**Your goal:** Under this line are records; the part from the line containing "bibit kecambah sawit" through the line containing "Hospital Veteralia Movet (Mollet del Vallès)" should be repeated exactly. Please exclude pictures.

**Extracted entries:**
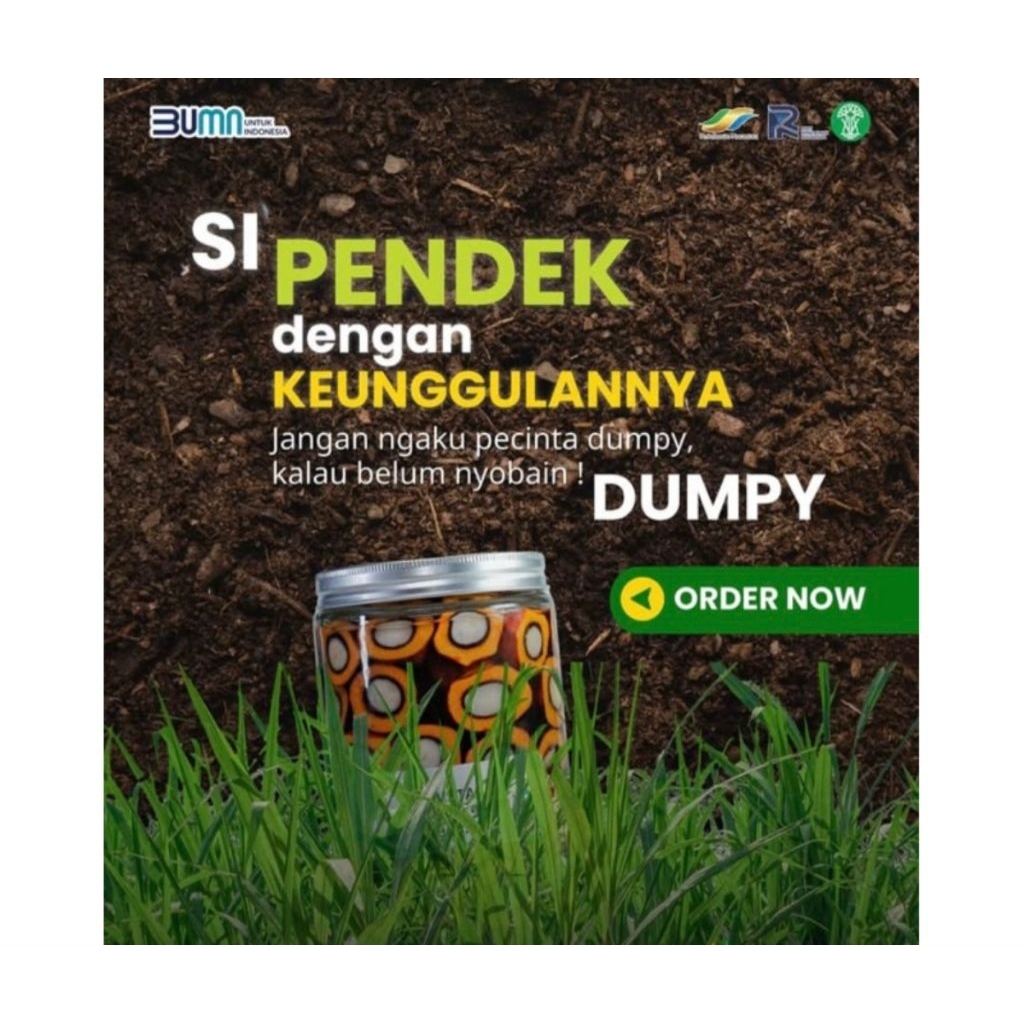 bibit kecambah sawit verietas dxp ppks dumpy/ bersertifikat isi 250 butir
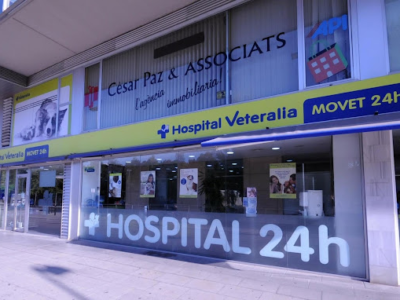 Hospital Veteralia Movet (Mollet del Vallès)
---
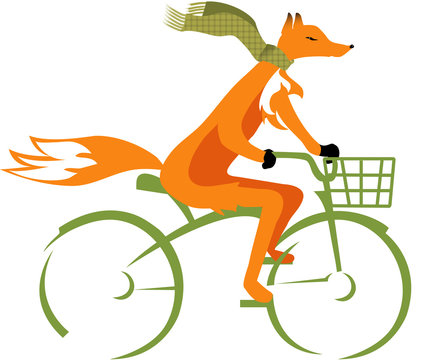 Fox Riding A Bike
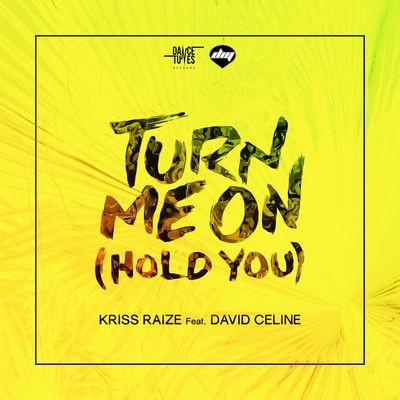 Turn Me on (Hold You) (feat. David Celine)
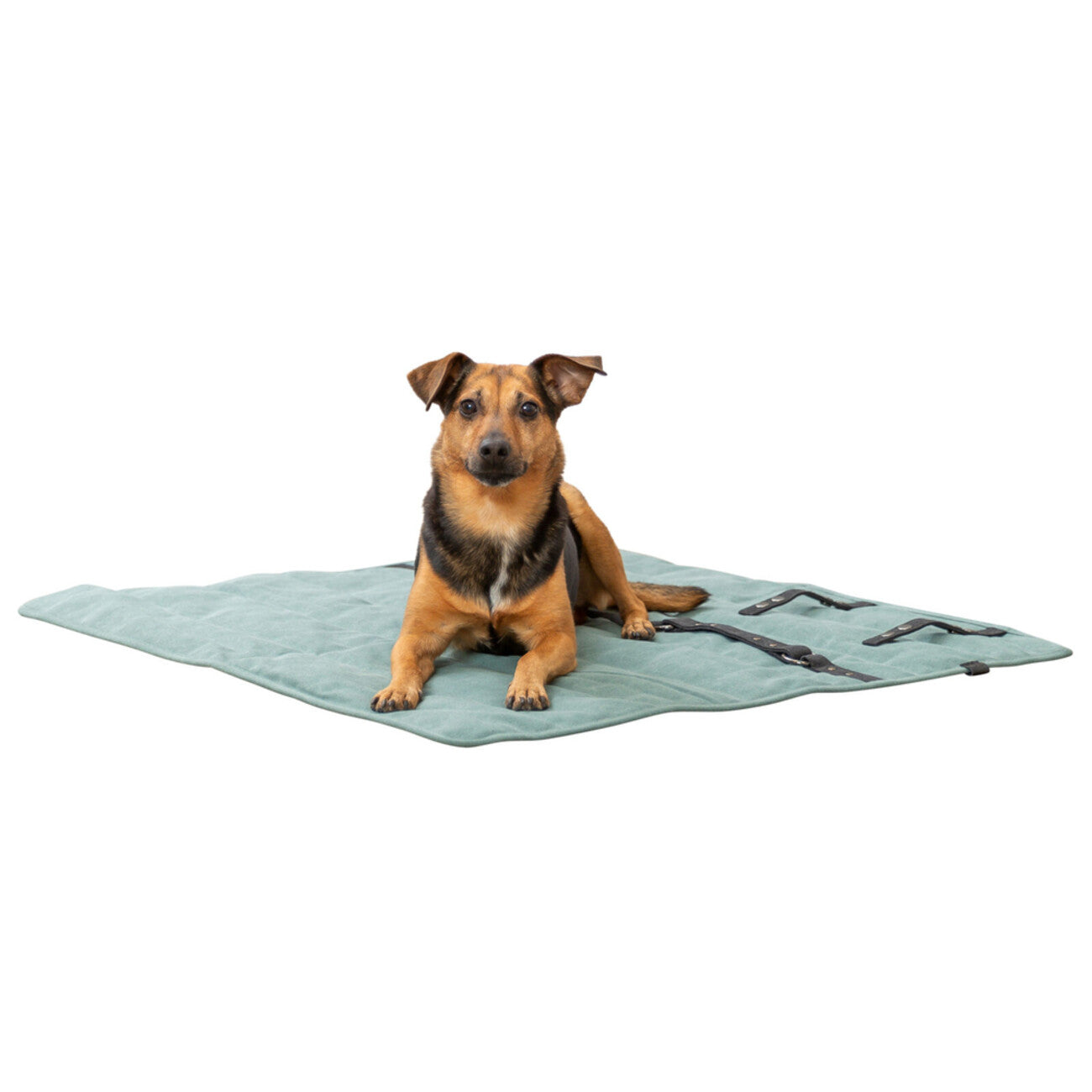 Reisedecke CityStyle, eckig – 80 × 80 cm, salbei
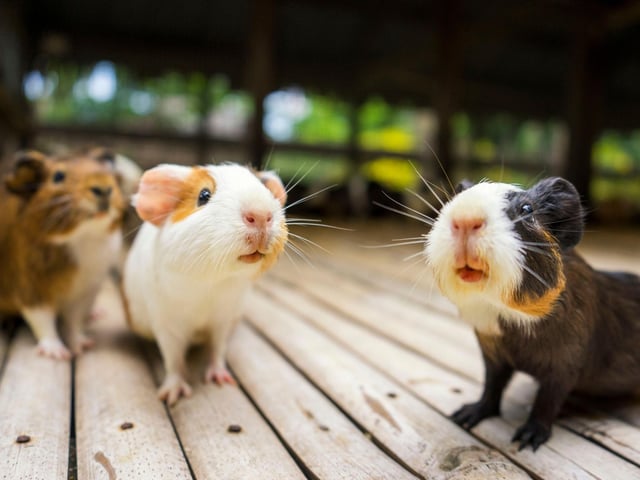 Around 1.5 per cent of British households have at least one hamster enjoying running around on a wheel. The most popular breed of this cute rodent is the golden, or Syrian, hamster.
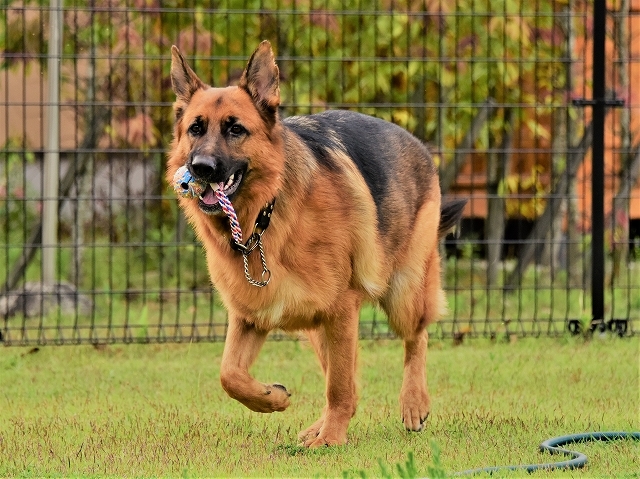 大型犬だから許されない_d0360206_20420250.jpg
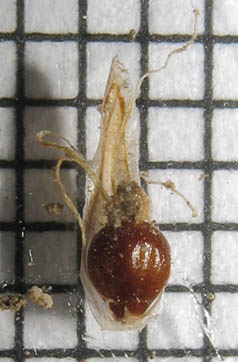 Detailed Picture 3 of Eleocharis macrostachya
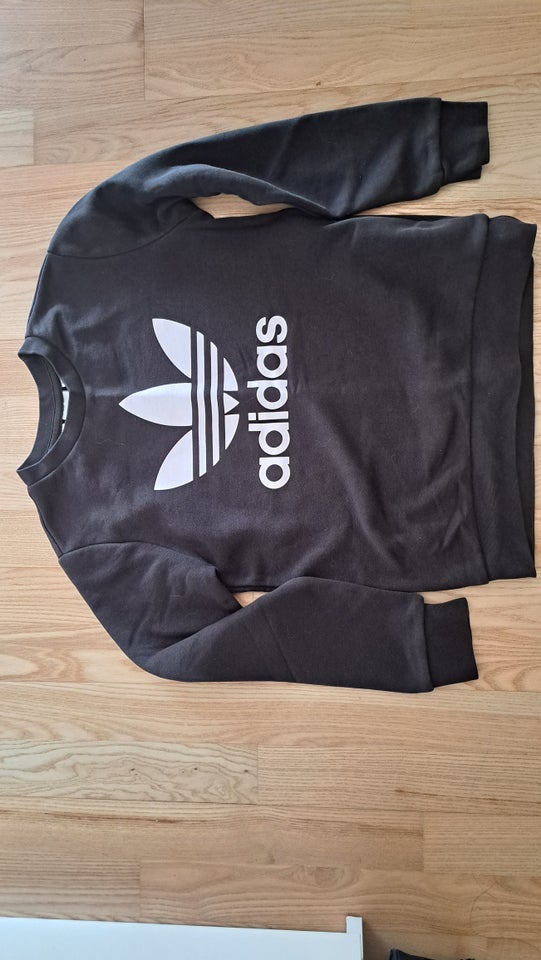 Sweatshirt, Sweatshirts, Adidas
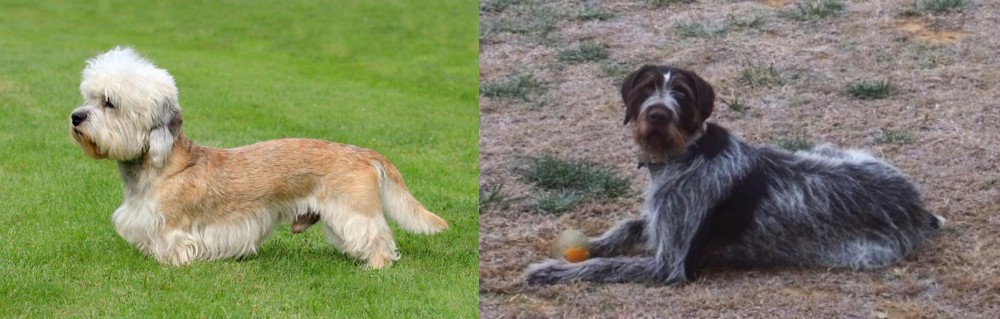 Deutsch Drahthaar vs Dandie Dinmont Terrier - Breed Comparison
...
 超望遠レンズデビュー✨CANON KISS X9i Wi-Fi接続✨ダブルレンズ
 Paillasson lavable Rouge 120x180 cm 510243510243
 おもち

**Exercise response:**
 bibit kecambah sawit verietas dxp ppks dumpy/ bersertifikat isi 250 butir
 Hospital Veteralia Movet (Mollet del Vallès)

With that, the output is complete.